The first written pierogi recipe comes from the Compendium Ferculorum, a book published in 1682 by the renowned cook Stanisław Czerniecki. These pierogi were not filled with potatoes (which were not common in 17th-century Poland), but with chopped kidneys, veal fat, greens, and nutmeg [source].
The Polish word pierogi, which is the plural form of pieróg, is a generic term for filled dumplings. It derives from Old East Slavic pirŭ, and before that from Proto-Slavic *pirъ, meaning a feast.
In most of the Slavic languages, the word means “pie” [source].
Pierogi has its own patron saint: Hyacinth of Poland, a Polish Dominican priest and missionary.
Some believe that he brought pierogi to Poland from Kievan Rus’, a state that existed in Eastern and Northern Europe from the late 9th to the mid-13th century [source]. (It is now part of Ukraine.)
Now for the legends:
In 1238, when Saint Hyacinth visited Kościelec, in the Gąsienicowa Valley of Poland, a storm came and destroyed all the crops.
Hyacinth told everyone to pray and the next day the crops had risen back up.

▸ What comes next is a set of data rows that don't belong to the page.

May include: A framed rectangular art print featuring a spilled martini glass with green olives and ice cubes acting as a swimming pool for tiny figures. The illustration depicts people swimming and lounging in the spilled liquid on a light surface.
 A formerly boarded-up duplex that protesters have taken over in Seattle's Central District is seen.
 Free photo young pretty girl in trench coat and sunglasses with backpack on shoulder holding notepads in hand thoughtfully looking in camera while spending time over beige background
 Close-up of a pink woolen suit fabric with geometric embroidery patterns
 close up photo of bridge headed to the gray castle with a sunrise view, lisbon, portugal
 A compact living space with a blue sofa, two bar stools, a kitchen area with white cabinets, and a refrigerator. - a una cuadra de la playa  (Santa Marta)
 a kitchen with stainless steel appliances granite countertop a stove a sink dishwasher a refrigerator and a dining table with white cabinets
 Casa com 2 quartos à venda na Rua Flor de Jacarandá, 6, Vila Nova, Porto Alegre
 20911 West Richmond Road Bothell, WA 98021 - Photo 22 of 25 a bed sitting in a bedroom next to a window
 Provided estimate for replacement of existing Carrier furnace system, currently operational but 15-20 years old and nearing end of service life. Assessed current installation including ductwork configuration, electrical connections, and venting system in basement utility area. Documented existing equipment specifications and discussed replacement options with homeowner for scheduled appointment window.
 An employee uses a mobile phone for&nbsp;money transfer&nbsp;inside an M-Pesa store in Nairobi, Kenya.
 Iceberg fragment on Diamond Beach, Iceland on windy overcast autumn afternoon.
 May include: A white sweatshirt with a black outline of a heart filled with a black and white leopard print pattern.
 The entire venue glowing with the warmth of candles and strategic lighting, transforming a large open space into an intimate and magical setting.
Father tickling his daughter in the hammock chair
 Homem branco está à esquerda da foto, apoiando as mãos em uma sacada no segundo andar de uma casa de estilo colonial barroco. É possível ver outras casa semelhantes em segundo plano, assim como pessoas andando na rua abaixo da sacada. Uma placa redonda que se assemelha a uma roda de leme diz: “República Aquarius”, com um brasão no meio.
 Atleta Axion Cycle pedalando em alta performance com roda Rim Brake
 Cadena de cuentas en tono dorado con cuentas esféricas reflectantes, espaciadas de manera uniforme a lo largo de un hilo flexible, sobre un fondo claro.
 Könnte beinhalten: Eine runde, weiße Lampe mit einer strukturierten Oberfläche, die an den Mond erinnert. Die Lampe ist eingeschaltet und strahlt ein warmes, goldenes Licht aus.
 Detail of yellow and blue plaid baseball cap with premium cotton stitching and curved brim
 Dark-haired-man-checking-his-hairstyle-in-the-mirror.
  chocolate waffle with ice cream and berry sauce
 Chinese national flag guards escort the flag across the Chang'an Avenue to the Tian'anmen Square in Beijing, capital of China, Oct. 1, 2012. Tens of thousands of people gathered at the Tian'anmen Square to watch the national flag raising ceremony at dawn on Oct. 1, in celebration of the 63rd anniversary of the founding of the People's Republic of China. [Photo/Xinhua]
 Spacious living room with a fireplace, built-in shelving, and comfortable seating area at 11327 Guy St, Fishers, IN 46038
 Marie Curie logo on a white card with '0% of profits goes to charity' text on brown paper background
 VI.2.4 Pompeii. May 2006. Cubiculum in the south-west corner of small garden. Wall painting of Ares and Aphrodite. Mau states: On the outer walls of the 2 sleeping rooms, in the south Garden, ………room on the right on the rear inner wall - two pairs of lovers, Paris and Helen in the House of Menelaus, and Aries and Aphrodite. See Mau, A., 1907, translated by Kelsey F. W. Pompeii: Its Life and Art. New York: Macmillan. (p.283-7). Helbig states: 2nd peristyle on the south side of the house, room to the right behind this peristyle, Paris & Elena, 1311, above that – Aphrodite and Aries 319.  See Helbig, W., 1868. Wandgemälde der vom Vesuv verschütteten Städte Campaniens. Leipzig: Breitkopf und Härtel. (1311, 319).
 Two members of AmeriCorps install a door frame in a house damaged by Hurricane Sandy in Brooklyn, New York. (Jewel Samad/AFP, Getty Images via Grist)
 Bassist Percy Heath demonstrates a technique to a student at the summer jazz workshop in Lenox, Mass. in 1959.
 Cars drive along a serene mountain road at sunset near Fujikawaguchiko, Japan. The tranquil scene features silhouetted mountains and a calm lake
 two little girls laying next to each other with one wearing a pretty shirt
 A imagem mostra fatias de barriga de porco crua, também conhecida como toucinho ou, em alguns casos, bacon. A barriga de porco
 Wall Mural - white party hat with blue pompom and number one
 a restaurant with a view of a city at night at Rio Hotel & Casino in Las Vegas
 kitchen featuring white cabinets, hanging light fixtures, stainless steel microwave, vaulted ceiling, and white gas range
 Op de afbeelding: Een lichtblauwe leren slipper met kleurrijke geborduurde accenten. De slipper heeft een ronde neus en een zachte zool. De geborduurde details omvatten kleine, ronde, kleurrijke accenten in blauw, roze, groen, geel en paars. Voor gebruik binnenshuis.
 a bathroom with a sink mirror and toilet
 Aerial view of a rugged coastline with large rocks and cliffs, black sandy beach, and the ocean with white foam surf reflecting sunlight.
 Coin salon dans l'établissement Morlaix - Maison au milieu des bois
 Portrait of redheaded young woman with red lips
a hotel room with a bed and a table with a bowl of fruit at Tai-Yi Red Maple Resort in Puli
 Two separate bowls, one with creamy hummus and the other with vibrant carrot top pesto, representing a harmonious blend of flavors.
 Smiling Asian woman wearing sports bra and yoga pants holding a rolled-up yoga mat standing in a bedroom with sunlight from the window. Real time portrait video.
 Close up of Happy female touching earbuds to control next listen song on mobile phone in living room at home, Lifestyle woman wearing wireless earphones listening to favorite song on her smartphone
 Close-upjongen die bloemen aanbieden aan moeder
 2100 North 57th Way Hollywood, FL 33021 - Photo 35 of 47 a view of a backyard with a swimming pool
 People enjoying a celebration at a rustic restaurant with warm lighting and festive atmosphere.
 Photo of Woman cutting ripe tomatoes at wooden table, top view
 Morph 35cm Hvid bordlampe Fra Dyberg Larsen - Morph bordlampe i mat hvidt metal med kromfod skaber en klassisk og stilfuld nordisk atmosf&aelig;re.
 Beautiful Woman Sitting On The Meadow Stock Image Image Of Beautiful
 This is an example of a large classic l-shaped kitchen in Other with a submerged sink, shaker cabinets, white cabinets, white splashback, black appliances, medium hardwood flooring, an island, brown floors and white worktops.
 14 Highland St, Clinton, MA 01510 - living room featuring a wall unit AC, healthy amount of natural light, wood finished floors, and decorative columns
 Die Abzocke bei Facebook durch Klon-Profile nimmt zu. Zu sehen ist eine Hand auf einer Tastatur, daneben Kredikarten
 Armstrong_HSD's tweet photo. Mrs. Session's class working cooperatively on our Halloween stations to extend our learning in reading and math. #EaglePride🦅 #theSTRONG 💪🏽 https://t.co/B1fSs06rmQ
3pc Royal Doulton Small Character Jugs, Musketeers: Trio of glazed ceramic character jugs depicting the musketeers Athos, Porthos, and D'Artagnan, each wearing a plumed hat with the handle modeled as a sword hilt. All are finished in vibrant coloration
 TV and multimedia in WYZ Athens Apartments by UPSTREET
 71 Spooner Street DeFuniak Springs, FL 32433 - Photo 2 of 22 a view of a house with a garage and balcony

As a sign of gratitude for Hyacinth, people have been making pierogi from the crops ever since.
Another legend involving Hyacinth dates to 1241. When the invasion of the Tatars led to famine, Saint Hyacinth fed the people with pierogi. (Who made the pierogi is not specified.)
Pierogi Come To America
Pierogies came to America with immigrants and were served at home and in neighborhood restaurants.
The first documented sale of pierogi in the U.S. was in May 1928.
In the post-World War II era, pierogi became a staple of fundraisers by ethnic churches.
By the 1960s pierogi became a common frozen supermarket item in many parts of the U.S. and Canada [source].
And today: fusion pierogi with jalapeño, fully loaded pierogi with baked potato toppings, and so much more. A feast indeed!